When you’re communicating with a match and they seem reluctant to meet up, there could be a genuine reason why. If they spin you an excuse like the ones below it’s more likely they are trying to give you the brush off (in a kind way) and maybe you should take the hint.
1. I had a great time but I’m just not ready for a relationship right now
This is the most common excuse people give after a first date if they don’t want to see the person again. Many people will avoid giving the real reason simply because don’t want to hurt the other person’s feelings. Save your dignity and don’t try and persuade someone who says this to change their mind, they have already decided.
2. I’m still getting over my ex and don’t feel ready to date again
This could be a valid reason as it’s often not until someone goes on a date that they realise how hung up on their ex they still are. When it’s an excuse they will keep their profile online and carry on dating other people. Either way, let go and move on to someone with less baggage who is interested in dating you.
3. It’s not you it’s me
This is a short-cut way of saying that you don’t want to see someone but you don’t want them to feel in any way responsible for your decision. It’s a poor excuse because it leaves the door open. You may be left feeling that because they say it’s nothing you have done, it’s worth hanging around while they sort out their issues – it isn’t. If they do sort out their stuff and want to see you, let them come and find you rather than putting your life on hold in the vain hope.

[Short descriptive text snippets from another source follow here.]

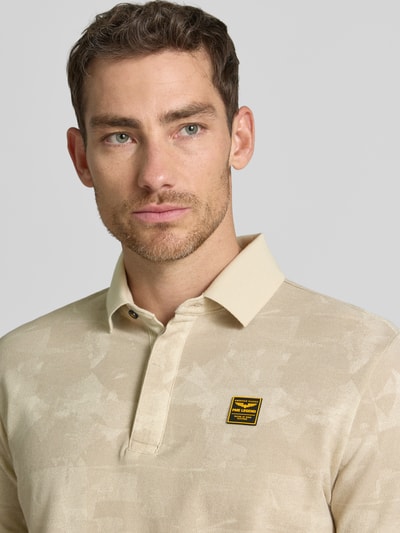 Męskimodel nosi Slim Fit Poloshirt mit Label-Patch od PME Legend z bawełny, wzór na całej powierzchni, listwa guzikowa, z naszywką z logo, krój slim fit, długość tyłu w rozmiarze M: 74 cm, jasny beż, prosty materiał, zbliżenie na górną część ciała, przód.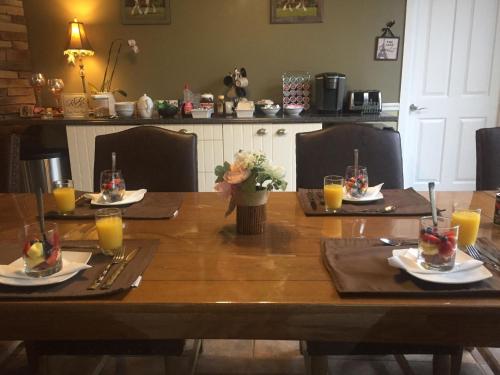a wooden table with plates and glasses of orange juice at Rock Pointe Ranch in Floral City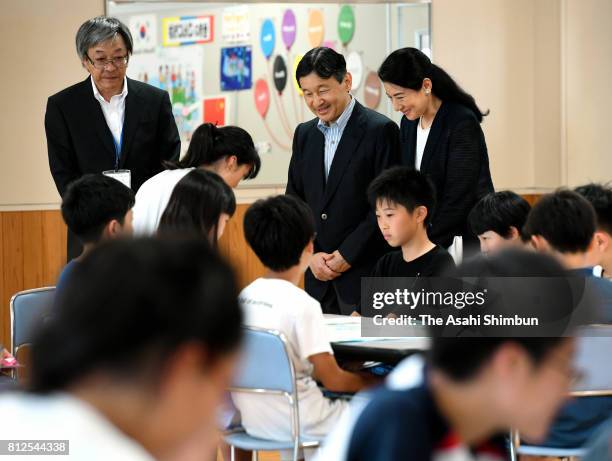 Crown Prince Naruhito and Crown Princess Masako talk with school children at Otoyo Elementary School on July 11, 2017 in Katagami, Akita, Japan.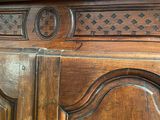 a large wooden cabinet with a mirror on top of it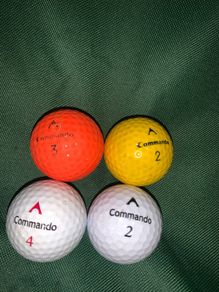 Commando golf balls (4)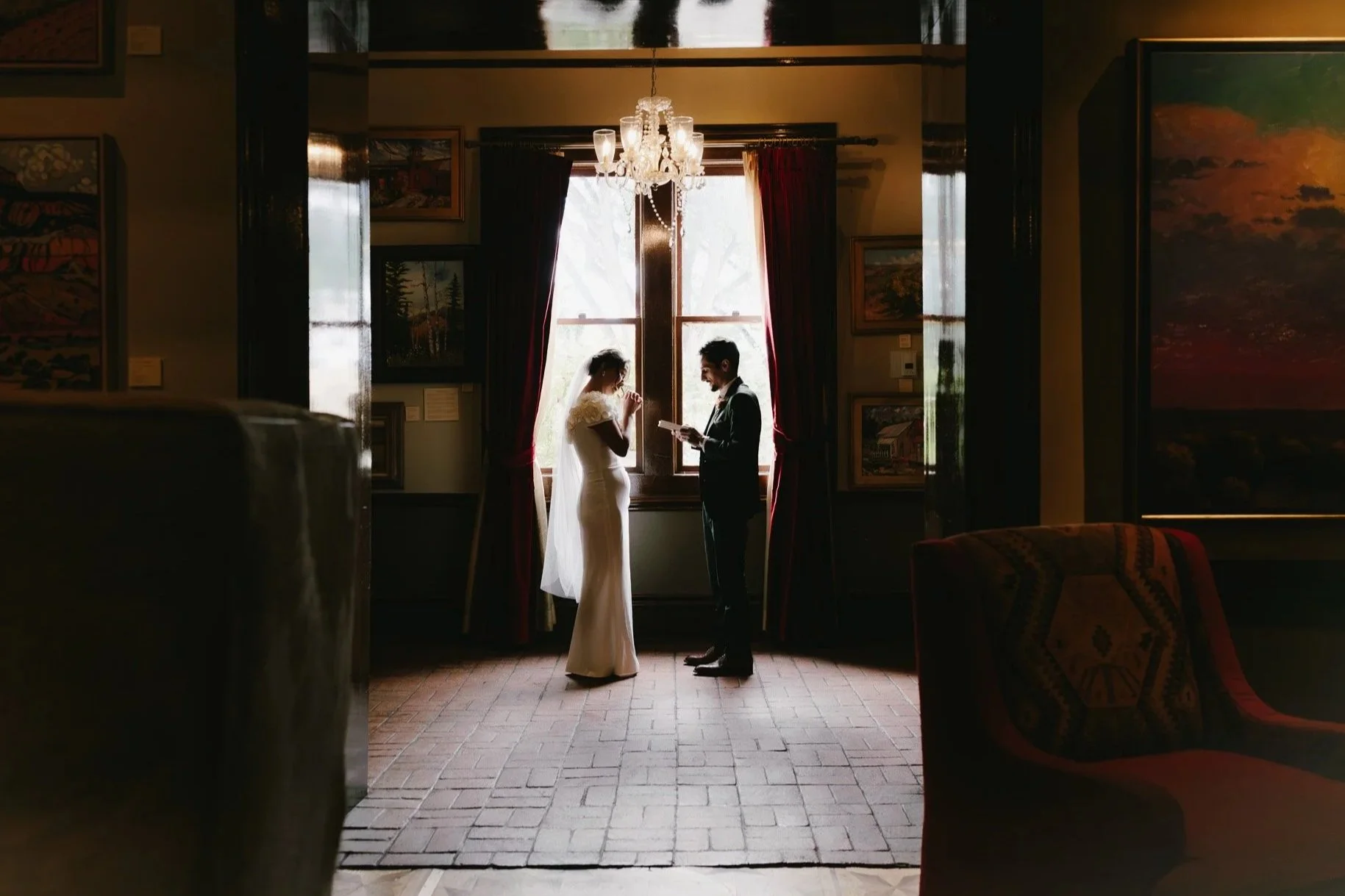 A bride and groom standing in front of a large window with light streaming in, holding hands and exchanging vows during a wedding ceremony inside an art-filled room with a chandelier overhead at La Posada Santa Fe Spa and Hotel.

4. Evenings and weekends aren’t good for me
If evenings and weekends aren’t good for someone and you work a standard 9-5 that person is either totally incompatible with you or they are giving you the brush off.
5. I’m more comfortable getting to know you online
Many people are anxious about meeting face to face and feel more comfortable with the anonymity a computer screen provides. If, however, someone keeps making excuses not to meet up even when you have been chatting online for weeks or months, the chances are they are hiding something or have no intention of moving on to a real life relationship.
6. I am really busy
If someone is too busy to reply to messages, take calls or make a date the chances are they’re going to be too busy to develop a relationship with you even if they were to find a slot in their hectic schedule to have a date. If someone is always unavailable, make yourself busy finding a more suitable match.
Things happen every day that can stop us from being able to commit to a date and people may have very genuine reasons why. The way to tell the difference between an ‘excuse’ and a ‘reason’ is that a reason is usually followed by a ‘solution’ whereas an excuse isn’t. e.g. ‘Sorry I am really busy this month but would love to meet you next month,’ is a reason whereas, ‘Sorry work is really hectic at the moment so I can’t make a date,’ is an excuse. Learn to tell the difference and you could save yourself a lot of wasted time and effort trying to engage with people who simply aren’t interested.